Parece que hable de un tiempo y de un país remotos, pero esto ocurría hace solo veinte, treinta años. Hoy, lo que los cursis llaman la época de los baños suele empezar a mediados de abril y encuentras gente en remojo, en las playas, hasta principios de noviembre. El cambio climático ha desbaratado la climatología que aprendimos de pequeños. El cuerpo y la cabeza, herederos y memoria de un tiempo equilibrado (ordenado en cuatro estaciones o, para nosotros, en dos épocas) hace unos años que van de capa caída con la nueva situación.

La época del frío: el otoño remojaba el país y encerraba la gente en las casas, y el invierno vivificaba el aborigen y congelaba el mundo. No hay nada más placentero que tomar el sol de mediodía durante las mermas de enero. Después, la primavera volvía loca toda cosa viva y el verano, casi por oposición, remataba su madurez y la enterraba al compás de las cigarras, de día, y de los grillos, de noche. Por ahora, aunque todavía se produce esta graduación —este tipo de reloj que sincroniza los cuerpos y los cerebros con la Tierra—, la realidad es que el tiempo se presenta como un catacaldos impertinente.

Sin embargo, a pesar de la evidencia de que vamos de mal en peor, hay aspectos que todavía no han cambiado. Quiero decir aspectos relacionados con el movimiento pendular del clima. Uno de ellos, que yo uso para no perder la esperanza, es la presencia de la última mosca. Llegado el frío, las moscas se refugiaban en las casas. Aquellas moscas negras, algo torpes, que chocaban contra los cristales y que parecía que, de tan gordas, les costaba volar. Formaban parte de una tropa que se iba muriendo. Quién no ha barrido del suelo sus cadáveres panza arriba, cerca de las ventanas. Y al fin solo quedaba una. La última mosca. Exhausta, la más grande, solía zumbar en el marco del ventanal del comedor, sin poder levantar el vuelo.

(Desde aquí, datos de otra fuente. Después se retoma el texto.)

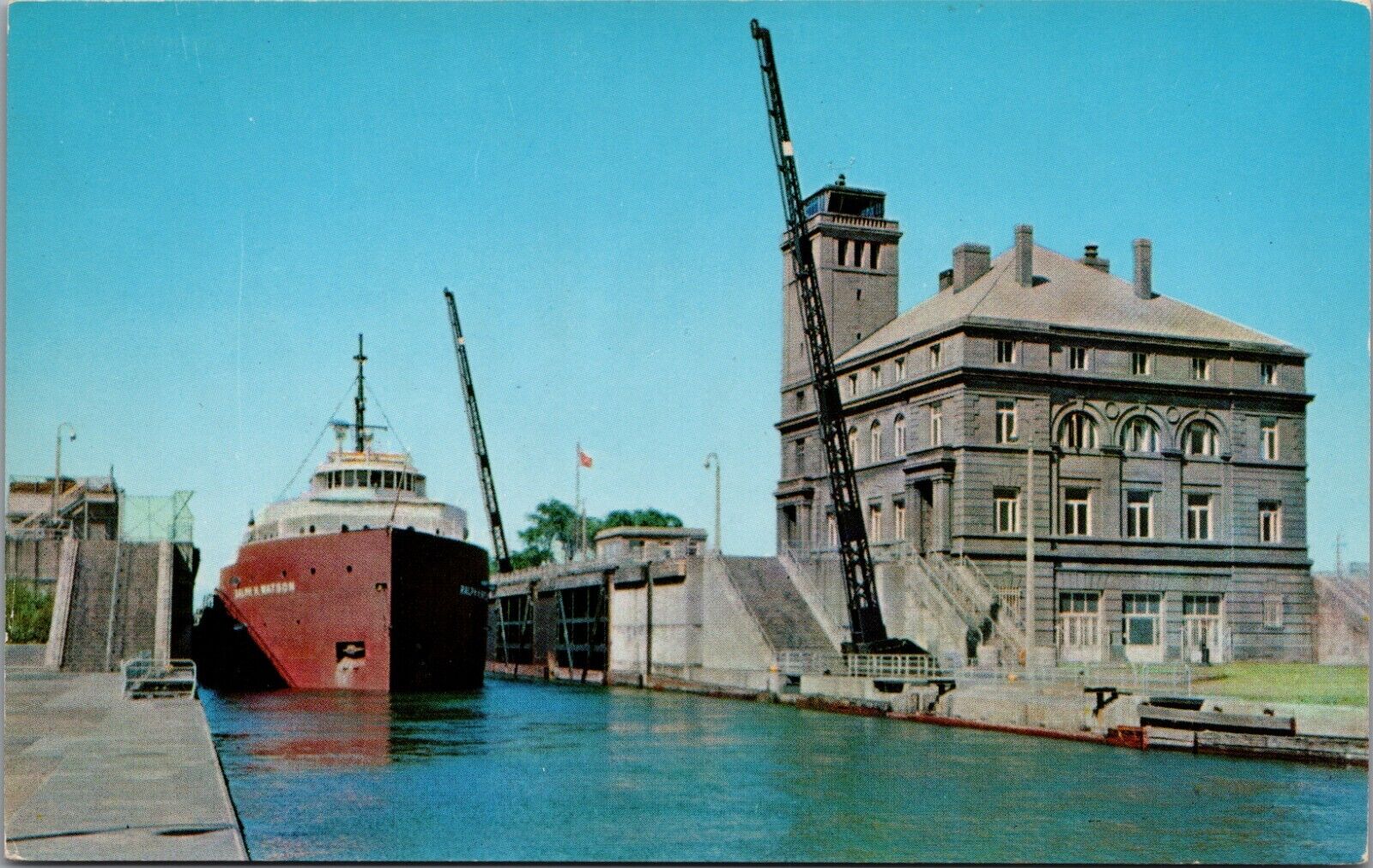 1954 Sault Ste. Marie Michigan MI MacArthur Lock Freighter Bldg Chrome Postcard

En casa, cada año le poníamos nombre. Ramona, Paquita. Desaparecida la última mosca, de muerte natural, quería decir que el frío había llegado en serio. Y nosotros guardábamos el recuerdo. En el año x, Conchita había durado mucho y, en cambio, en el año z, Reparada había flaqueado enseguida. Punteábamos la memoria con esta pequeña continuidad obstinada.